En face, l'article 4 du TUE précise que la sauvegarde de la sécurité nationale relève de la seule responsabilité des États membres. Or l'Union européenne fonctionne selon trois principes de base : le principe d'attribution des compétences, le principe de proportionnalité et le principe de subsidiarité. Quand on examine la jurisprudence de la CJUE, on constate que ces principes jouent majoritairement en faveur des compétences de l'Union européenne et très rarement, pour ne pas dire jamais, en faveur de la préservation des compétences des États membres, parce que, tout simplement, le système des traités a conduit au transfert d'éléments de souveraineté nationale à une instance supranationale et la seule limite reste la compétence de la compétence. C'est vrai, on n'a pas transféré à l'Union européenne la définition de ses propres compétences.

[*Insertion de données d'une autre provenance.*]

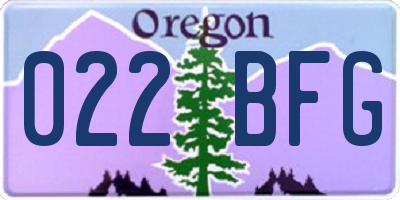 OR license plate 022BFG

La compétence de la compétence, c'est le propre de l'État : l'État est celui qui définit sa propre compétence.

Comment invoquer une réserve de compétence qui constituerait le coeur de l'identité constitutionnelle de la France ? À un moment donné, le Conseil constitutionnel devra nous dire ce que contient cette notion ; on ne peut pas avoir émis cette grande idée, en 2005, sous la présidence de Pierre Mazeaud, sans nous dire ensuite ce qu'elle recouvre. Le Conseil constitutionnel pourra alors s'en servir, tant lors des contrôles de constitutionnalité qu'à l'occasion des révisions des traités de l'Union européenne.

Il y a eu un débat vif au moment du traité de Maastricht en 1992 : on se demandait comment la France pouvait faire valoir des réserves de constitutionnalité, de compétence ou de souveraineté à l'égard de l'Union européenne. Plusieurs pistes avaient été avancées, notamment celle d'un contrôle préalable du Parlement sur une négociation engagée entre le Gouvernement et les instances de l'Union ; cela aurait permis de définir la réserve de souveraineté au-delà de laquelle le Gouvernement ne peut aller lors du transfert d'une compétence ou de la rédaction d'un acte.

On en a l'illustration avec le statut des militaires : il y a là une réserve de souveraineté à laquelle on ne pourra déroger sans détruire la substance du militaire dans notre pays. Cette réserve, il faudrait la faire valoir plus tôt dans le processus d'élaboration du droit européen, en précisant d'emblée que la France ne signera pas une modification d'un acte communautaire. Il faudrait d'ailleurs réfléchir à la façon dont cette réserve constitutionnelle pourrait être sollicitée du Conseil d'État, par exemple, ou du Conseil constitutionnel. Ce contrôle préalable du Parlement existe au Danemark où le Parlement donne mandat au gouvernement pour discuter avec l'UE mais en fixant les limites de cette discussion tenant à la réserve constitutionnelle de souveraineté ; on nous parle des principes d'attribution, de proportionnalité et de subsidiarité, donc, soyons subsidiaires !

Enfin, il faut se pencher sur la structure des relations entre l'ordre national et l'ordre international. Les articles 54 et 55 de la Constitution ne permettent pas au Conseil constitutionnel d'exercer un contrôle de conventionnalité des lois. L'Article 55 pose une règle de conflit entre la loi, le traité et la Constitution, mais qu'est-ce qui interdirait au Conseil constitutionnel et au Conseil d'État de se saisir de ce contrôle de conventionnalité au regard des exigences constitutionnelles ?

Quant à l'article 54, c'est le moyen pour des traités internationaux de laisser de côté la règle constitutionnelle ; ne faut-il pas inverser cette règle ? Les traités peuvent entrer dans l'ordre interne, mais ils ne doivent pas dépasser une réserve de constitutionnalité, telle que le Conseil constitutionnel la définirait. On le sait, le résultat de l'article 54, c'est que la Constitution cède devant le traité...

Il y a peut-être un peu d'espoir du côté de la Cour européenne des droits de l'homme, dont deux décisions du 25 mai dernier admettent le principe de la surveillance électronique de masse, en se référant à la notion de « marge nationale d'appréciation », notion habituelle dans sa jurisprudence. Il pourrait y avoir une convergence entre cette marge nationale d'appréciation et ces réserves de constitutionnalité.